5. Don’t be afraid to ask questions. If you’re not sure if something contains meat/meat broth/cheese/cream/etc., just ask. The waitstaff should be trained on ingredients used in the menu items, and if not, they are almost always happy to ask the chef and report back to you. I rarely run into problems when I ask questions, so don’t be shy!
6. Do your homework before going out. I usually search Yelp, TripAdvisor, and HappyCow.net for veg-friendly restaurants wherever I’m going out to eat. You can usually check menus online and read reviews from other diners.

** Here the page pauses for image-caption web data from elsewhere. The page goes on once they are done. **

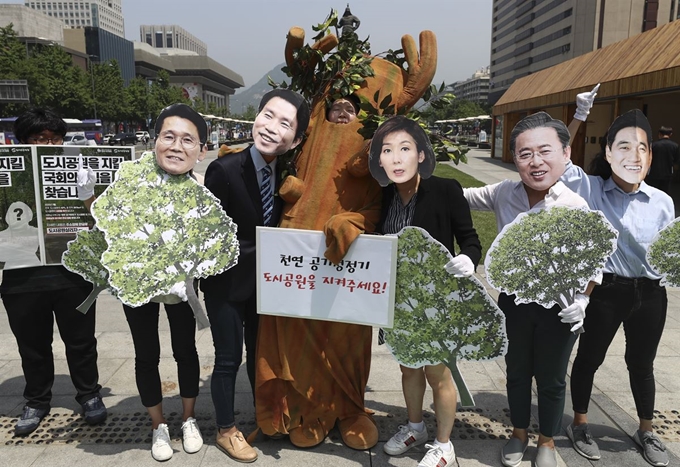 지난해 6월 서울 광화문광장에서 열린 ‘도시공원일몰제 대응 국회 긴급 입법 촉구 및 시민행동 선포 기자회견’에서 환경운동연합 회원들이 각 정당 원내대표들 얼굴 모양의 마스크를 착용한 채 도시공원 지키기를 약속하는 내용의 퍼포먼스를 하고 있다. 연합뉴스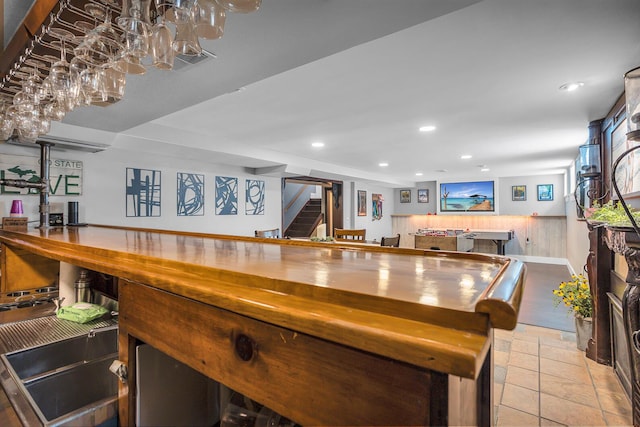 bar with visible vents, recessed lighting, and stairs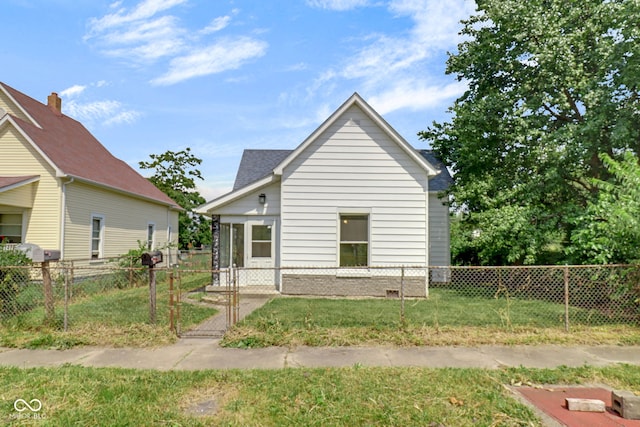 2400 Walnut St, Anderson, IN 46016 - back of house with a gate, a fenced front yard, and brick siding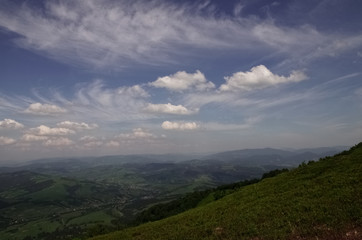 Fototapeta premium Mountains and sky with clouds above the peaks. Mountain beautiful landscape. 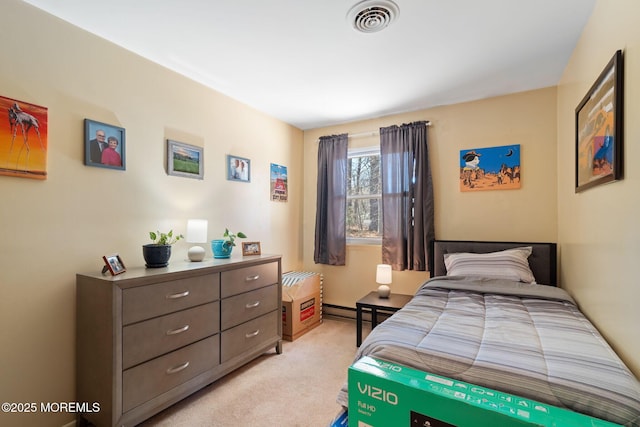 bedroom with visible vents, baseboard heating, and light carpet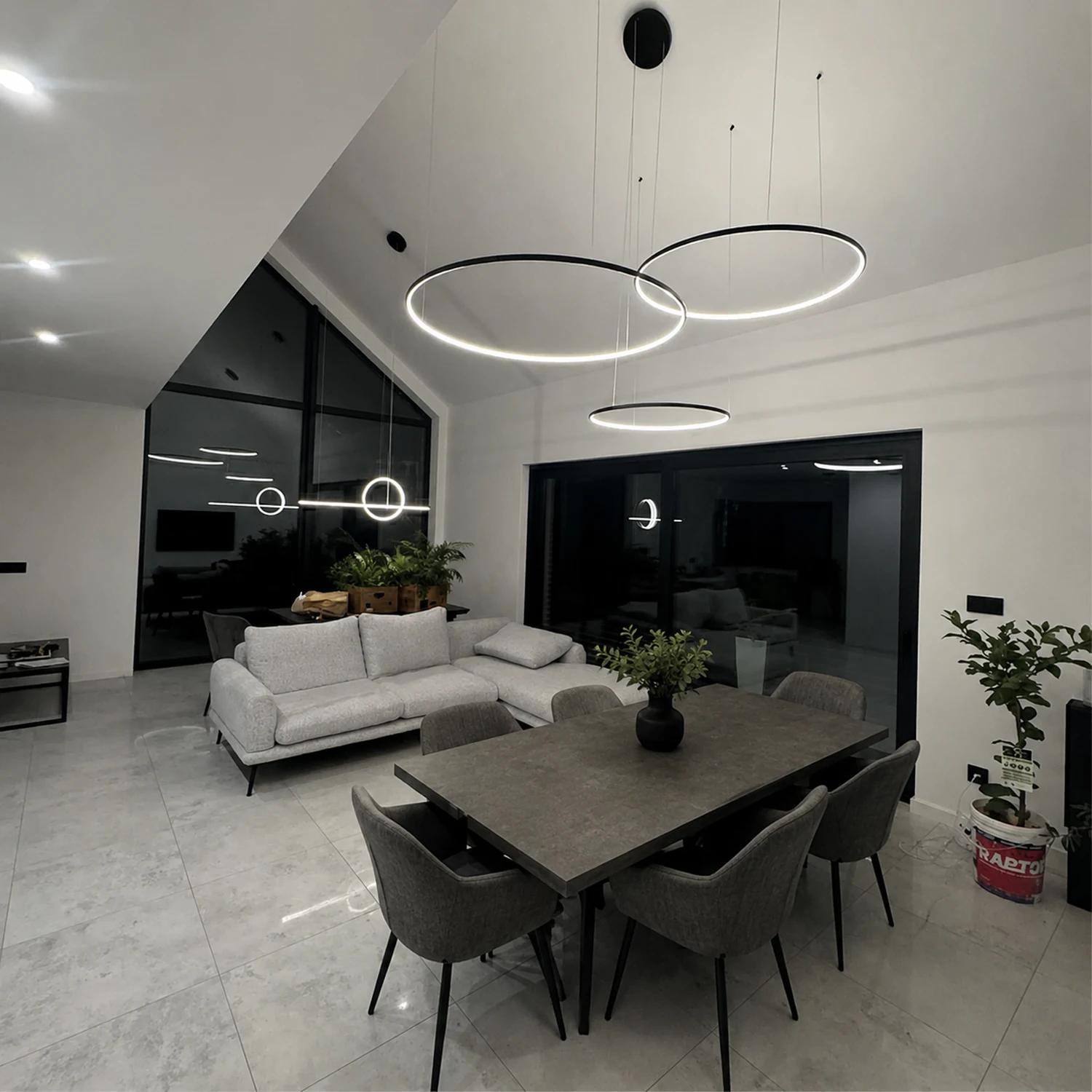 Czarna lampa Led Orbit S No.3 nad stołem w nowoczesnej jadalni z wysokim salonem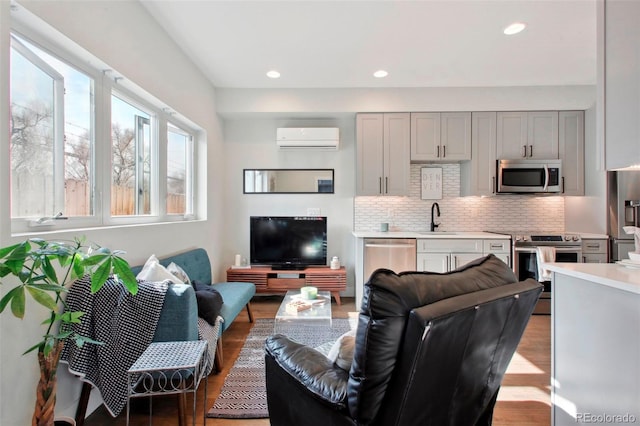 living room featuring sink, a wall mounted AC, and light wood-type flooring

7. Be prepared for the occasional worst-case scenario. If you know you are going out to eat at a restaurant with zero viable options, or if you are heading into unknown territory (a wedding or similarly catered event), it’s best to either A) eat in advance B) plan on eating afterward C) pack healthy snacks and/or D) make peace with the fact that you might have to get creative and make a meal out of a baked potato topped with salsa with a few carrot sticks, olives, and hummus that you snagged from the antipasto/crudite platter. Thankfully these situations are few and far between. I also would attempt to call the wedding venue ahead of time to ask about vegan options, or ask the bride/groom (if you are close enough with them) if they have planned for veg-friendly options to be available.
In the words of Colleen Patrick-Goudreau, one of my favorite vegan cookbook authors, “If you look for lack, that’s what you’ll find. If you look for abundance, that’s what you’ll discover.” Wise words and so true!
What are some of your tips for dining out as a vegan?